Cemeteries with field stones
Burials in many early cemeteries in Mecklenburg County, Virginia were marked by stones farmers pulled out of their fields. A field stone was just a rock used as a marker. These were not inscribed with any information. Ready cash was scarce, so the cost of a tombstone was not even considered. Instead, extended families would gather yearly to cut back vegetation around their ancestors’ graves while the older family members told where each each person was buried and stories about them. After World War II, as the economy started improving, tombstones became more common and these family traditions faded. The few people still living who remember these family reunions were young children when they last heard these stories.
I talked to Stephen Lambert Jr and Sr in August 2004 about the cemetery where Nellie Brooks and Frederick Jones are buried. Lambert descendants knew which burial plot was Nellie’s and which was Frederick’s because of a drawing of the cemetery that was kept in the Family Bible. The tombstones were placed there in the early 1960’s, approximately 145 years after Frederick died.
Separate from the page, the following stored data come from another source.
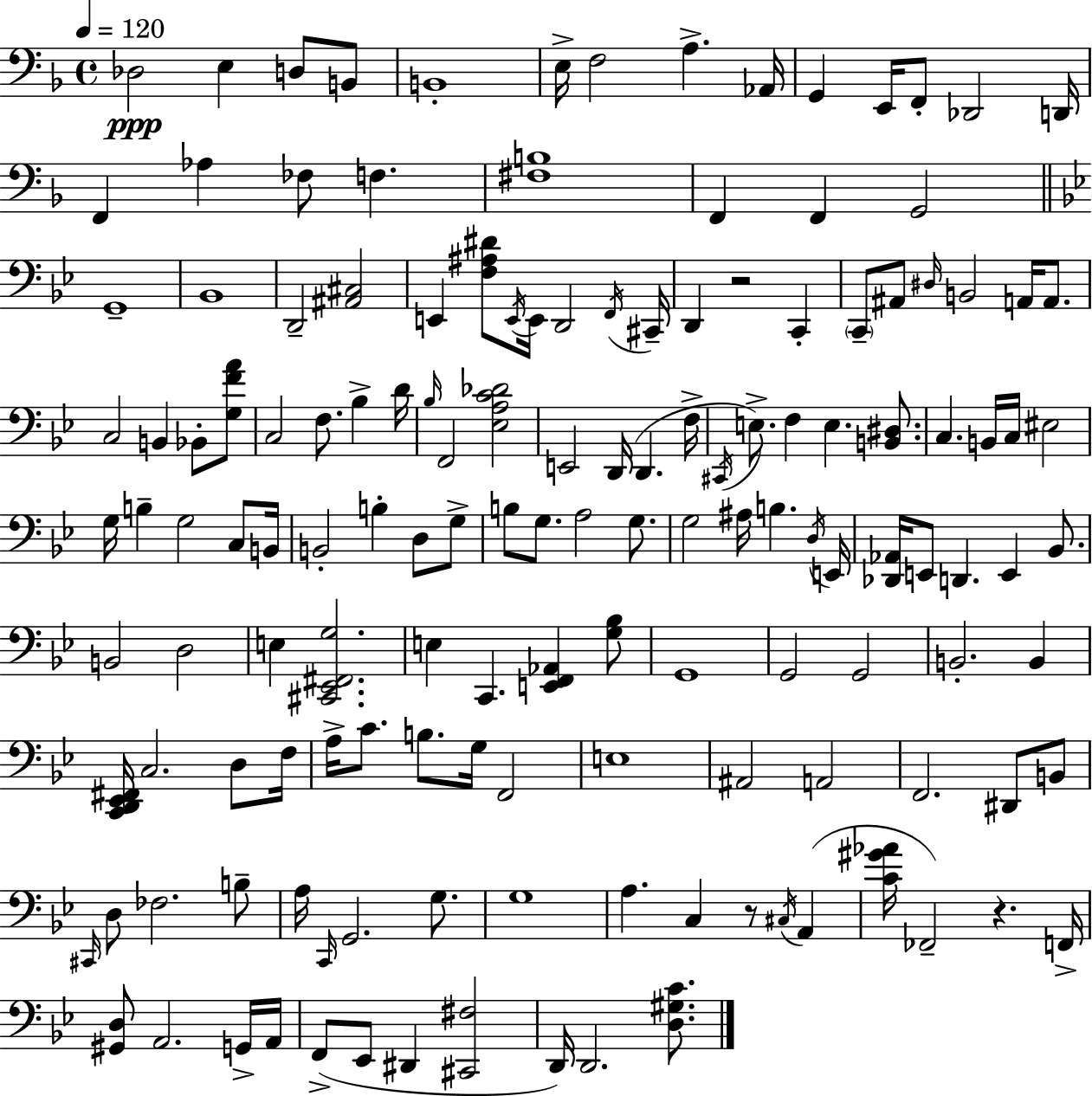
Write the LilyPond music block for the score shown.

{
  \clef bass
  \time 4/4
  \defaultTimeSignature
  \key d \minor
  \tempo 4 = 120
  des2\ppp e4 d8 b,8 | b,1-. | e16-> f2 a4.-> aes,16 | g,4 e,16 f,8-. des,2 d,16 | \break f,4 aes4 fes8 f4. | <fis b>1 | f,4 f,4 g,2 | \bar "||" \break \key g \minor g,1-- | bes,1 | d,2-- <ais, cis>2 | e,4 <f ais dis'>8 \acciaccatura { e,16 } e,16 d,2 | \break \acciaccatura { f,16 } cis,16-- d,4 r2 c,4-. | \parenthesize c,8-- ais,8 \grace { dis16 } b,2 a,16 | a,8. c2 b,4 bes,8-. | <g f' a'>8 c2 f8. bes4-> | \break d'16 \grace { bes16 } f,2 <ees a c' des'>2 | e,2 d,16( d,4. | f16-> \acciaccatura { cis,16 } e8.->) f4 e4. | <b, dis>8. c4. b,16 c16 eis2 | \break g16 b4-- g2 | c8 b,16 b,2-. b4-. | d8 g8-> b8 g8. a2 | g8. g2 ais16 b4. | \break \acciaccatura { d16 } e,16 <des, aes,>16 e,8 d,4. e,4 | bes,8. b,2 d2 | e4 <cis, ees, fis, g>2. | e4 c,4. | \break <e, f, aes,>4 <g bes>8 g,1 | g,2 g,2 | b,2.-. | b,4 <c, d, ees, fis,>16 c2. | \break d8 f16 a16-> c'8. b8. g16 f,2 | e1 | ais,2 a,2 | f,2. | \break dis,8 b,8 \grace { cis,16 } d8 fes2. | b8-- a16 \grace { c,16 } g,2. | g8. g1 | a4. c4 | \break r8 \acciaccatura { cis16 }( a,4 <c' gis' aes'>16 fes,2--) | r4. f,16-> <gis, d>8 a,2. | g,16-> a,16 f,8->( ees,8 dis,4 | <cis, fis>2 d,16) d,2. | \break <d gis c'>8. \bar "|."
}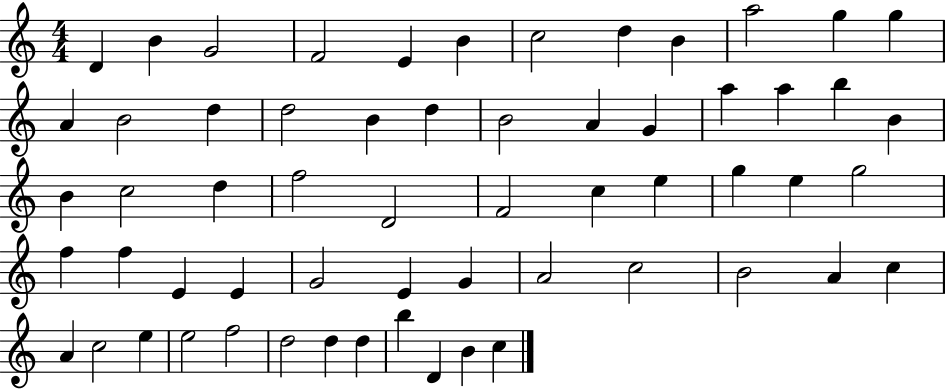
{
  \clef treble
  \numericTimeSignature
  \time 4/4
  \key c \major
  d'4 b'4 g'2 | f'2 e'4 b'4 | c''2 d''4 b'4 | a''2 g''4 g''4 | \break a'4 b'2 d''4 | d''2 b'4 d''4 | b'2 a'4 g'4 | a''4 a''4 b''4 b'4 | \break b'4 c''2 d''4 | f''2 d'2 | f'2 c''4 e''4 | g''4 e''4 g''2 | \break f''4 f''4 e'4 e'4 | g'2 e'4 g'4 | a'2 c''2 | b'2 a'4 c''4 | \break a'4 c''2 e''4 | e''2 f''2 | d''2 d''4 d''4 | b''4 d'4 b'4 c''4 | \break \bar "|."
}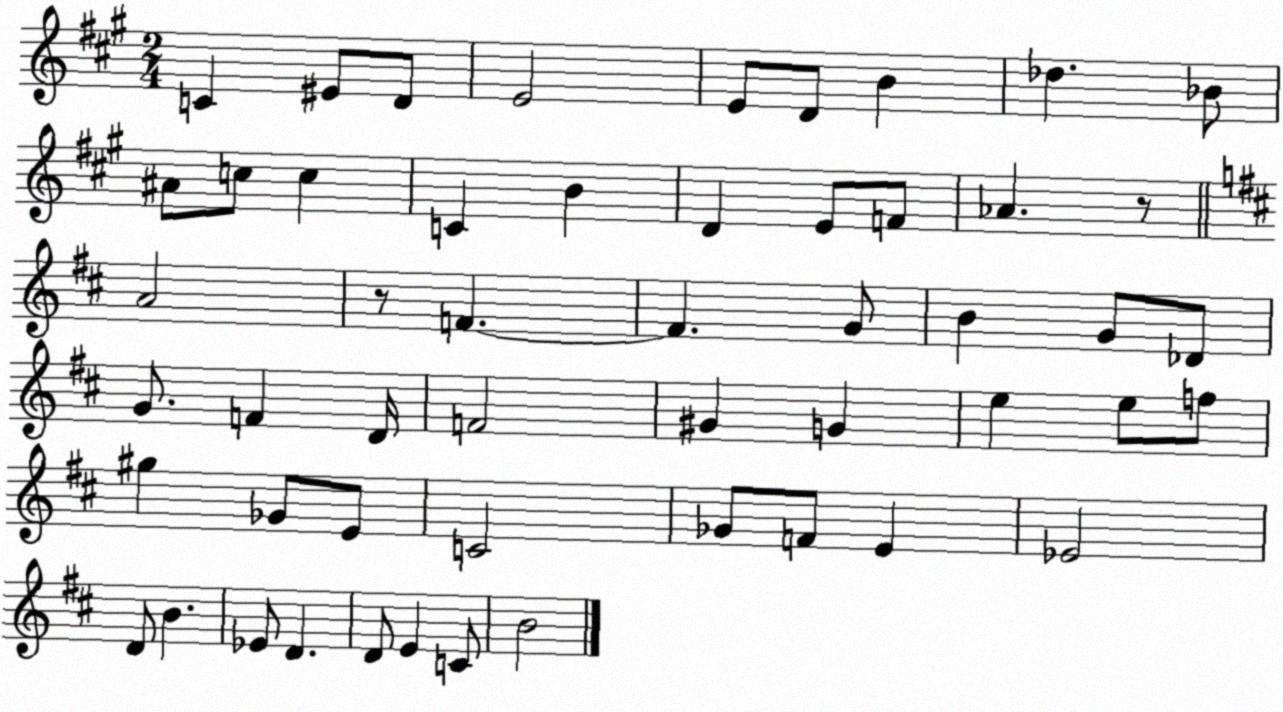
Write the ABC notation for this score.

X:1
T:Untitled
M:2/4
L:1/4
K:A
C ^E/2 D/2 E2 E/2 D/2 B _d _B/2 ^A/2 c/2 c C B D E/2 F/2 _A z/2 A2 z/2 F F G/2 B G/2 _D/2 G/2 F D/4 F2 ^G G e e/2 f/2 ^g _G/2 E/2 C2 _G/2 F/2 E _E2 D/2 B _E/2 D D/2 E C/2 B2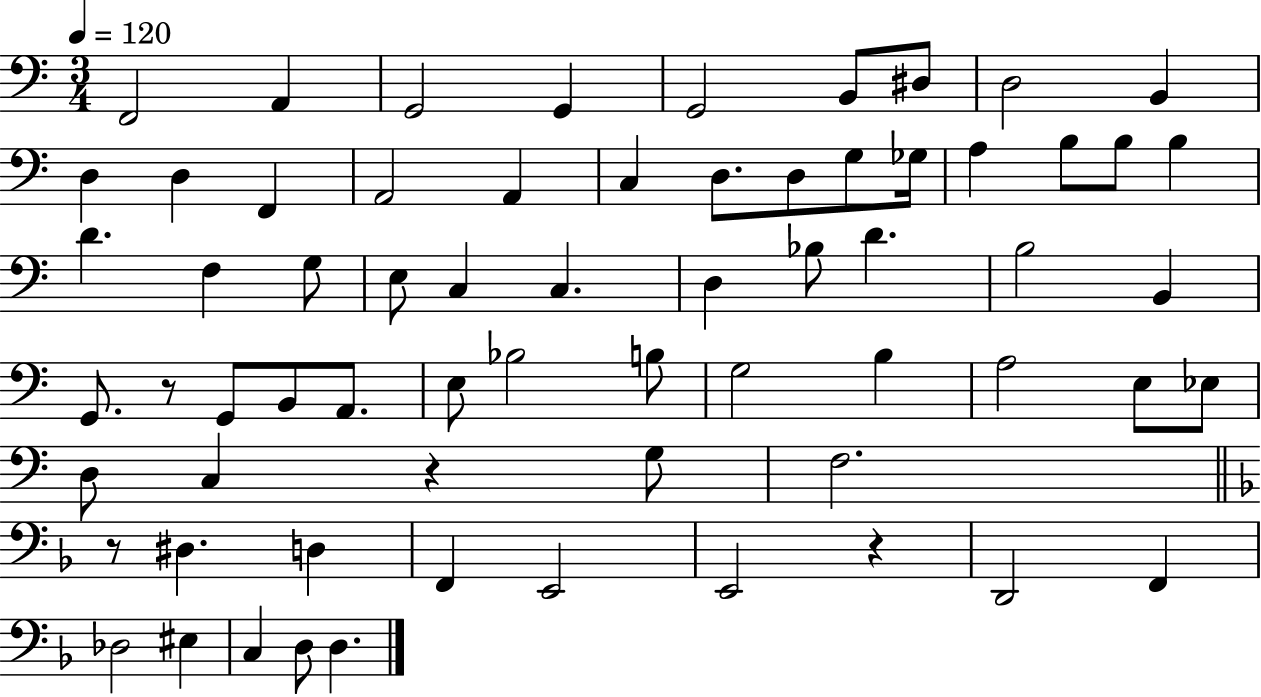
X:1
T:Untitled
M:3/4
L:1/4
K:C
F,,2 A,, G,,2 G,, G,,2 B,,/2 ^D,/2 D,2 B,, D, D, F,, A,,2 A,, C, D,/2 D,/2 G,/2 _G,/4 A, B,/2 B,/2 B, D F, G,/2 E,/2 C, C, D, _B,/2 D B,2 B,, G,,/2 z/2 G,,/2 B,,/2 A,,/2 E,/2 _B,2 B,/2 G,2 B, A,2 E,/2 _E,/2 D,/2 C, z G,/2 F,2 z/2 ^D, D, F,, E,,2 E,,2 z D,,2 F,, _D,2 ^E, C, D,/2 D,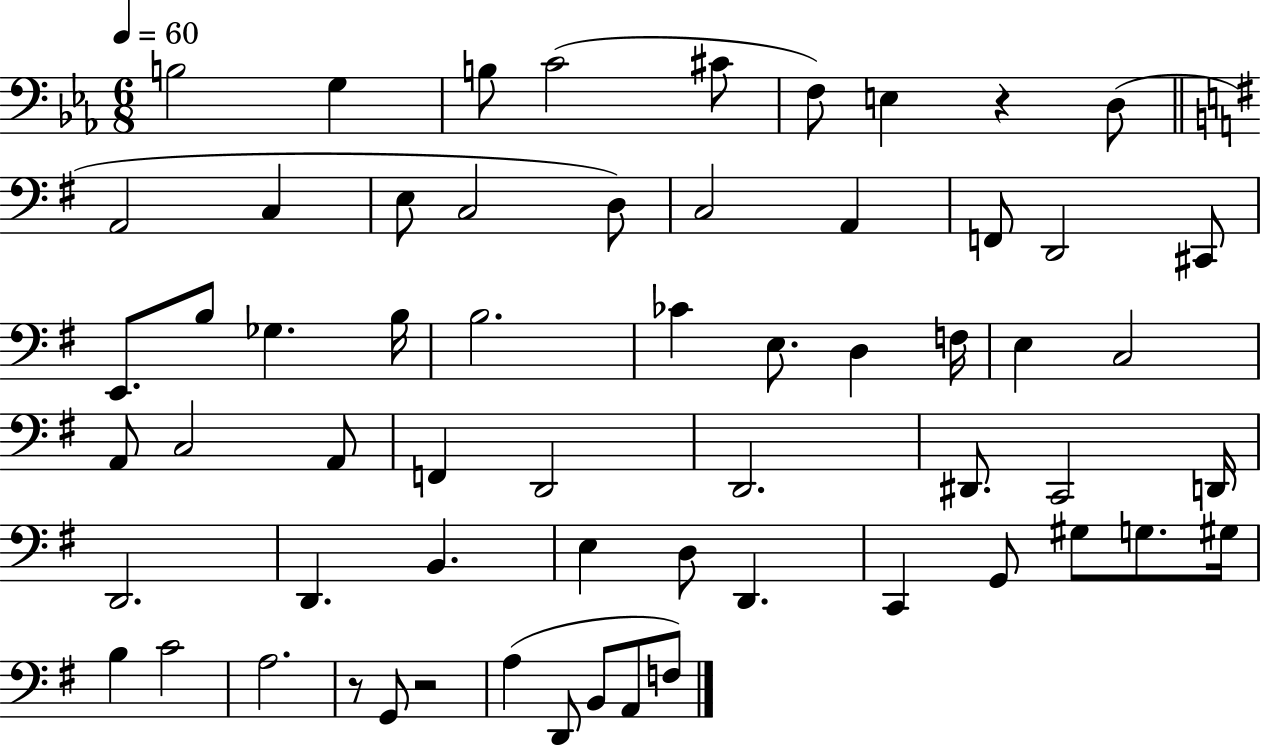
{
  \clef bass
  \numericTimeSignature
  \time 6/8
  \key ees \major
  \tempo 4 = 60
  b2 g4 | b8 c'2( cis'8 | f8) e4 r4 d8( | \bar "||" \break \key g \major a,2 c4 | e8 c2 d8) | c2 a,4 | f,8 d,2 cis,8 | \break e,8. b8 ges4. b16 | b2. | ces'4 e8. d4 f16 | e4 c2 | \break a,8 c2 a,8 | f,4 d,2 | d,2. | dis,8. c,2 d,16 | \break d,2. | d,4. b,4. | e4 d8 d,4. | c,4 g,8 gis8 g8. gis16 | \break b4 c'2 | a2. | r8 g,8 r2 | a4( d,8 b,8 a,8 f8) | \break \bar "|."
}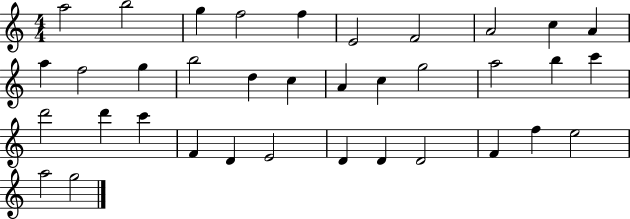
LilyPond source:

{
  \clef treble
  \numericTimeSignature
  \time 4/4
  \key c \major
  a''2 b''2 | g''4 f''2 f''4 | e'2 f'2 | a'2 c''4 a'4 | \break a''4 f''2 g''4 | b''2 d''4 c''4 | a'4 c''4 g''2 | a''2 b''4 c'''4 | \break d'''2 d'''4 c'''4 | f'4 d'4 e'2 | d'4 d'4 d'2 | f'4 f''4 e''2 | \break a''2 g''2 | \bar "|."
}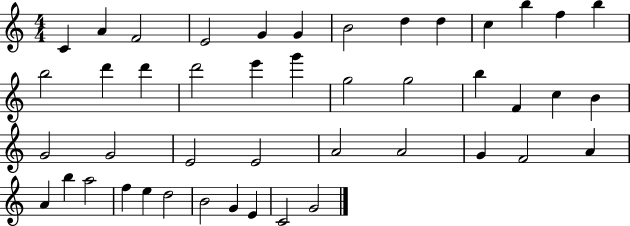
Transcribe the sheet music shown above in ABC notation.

X:1
T:Untitled
M:4/4
L:1/4
K:C
C A F2 E2 G G B2 d d c b f b b2 d' d' d'2 e' g' g2 g2 b F c B G2 G2 E2 E2 A2 A2 G F2 A A b a2 f e d2 B2 G E C2 G2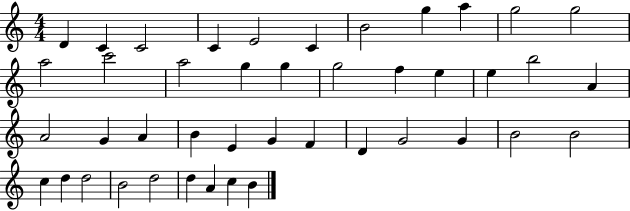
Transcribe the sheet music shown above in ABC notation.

X:1
T:Untitled
M:4/4
L:1/4
K:C
D C C2 C E2 C B2 g a g2 g2 a2 c'2 a2 g g g2 f e e b2 A A2 G A B E G F D G2 G B2 B2 c d d2 B2 d2 d A c B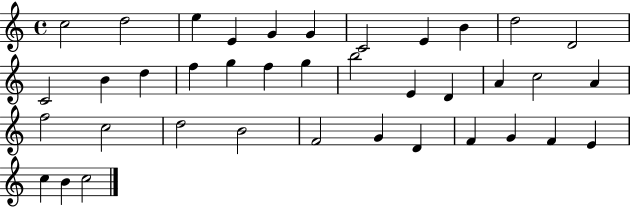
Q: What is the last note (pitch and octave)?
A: C5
On each visit I’ve made to Mecklenburg, I showed people where family cemeteries are marked on 1960’s USGS topographical maps and asked if they knew about these or any other family cemeteries. As we visited these cemeteries sometimes relatives were surprised to find that a tombstone had been placed for their ancestor. When they last saw the cemetery as a young child, there were only field stones.
Most family cemeteries are not visible from the road. Many cemeteries are in areas that haven’t been farmed or cleared for at least 20 years, so there are usually briars, vines, small trees and brush to get through in order to access them. I visit Mecklenburg more frequently in the winter to look for cemeteries because the brush has died back.

On the Mecklenburg collaborative map, cemeteries are marked by maroon colored symbols. Town and family cemeteries are marked by an upside down letter “T”, which I thought looked closest to an upright tombstone. Churches with cemeteries are marked by a maroon colored cross.
In the summer of 2019, I went to a cemetery in Bracey. There were remnants of a fence still visible in some places. We could see 6 rows of burials with field stones marking head and foot areas. We saw some land depressions, but no names or carved information anywhere. We estimated this cemetery had about 45 graves.
I took a picture tagged with GPS coordinates and found this cemetery is on land which used to belong to Samuel McKinney and his wife Elizabeth Newman. There are no records to show who was actually buried here. No one has any family stories but it is highly likely Samuel McKinney and Elizabeth Newman were buried on their land.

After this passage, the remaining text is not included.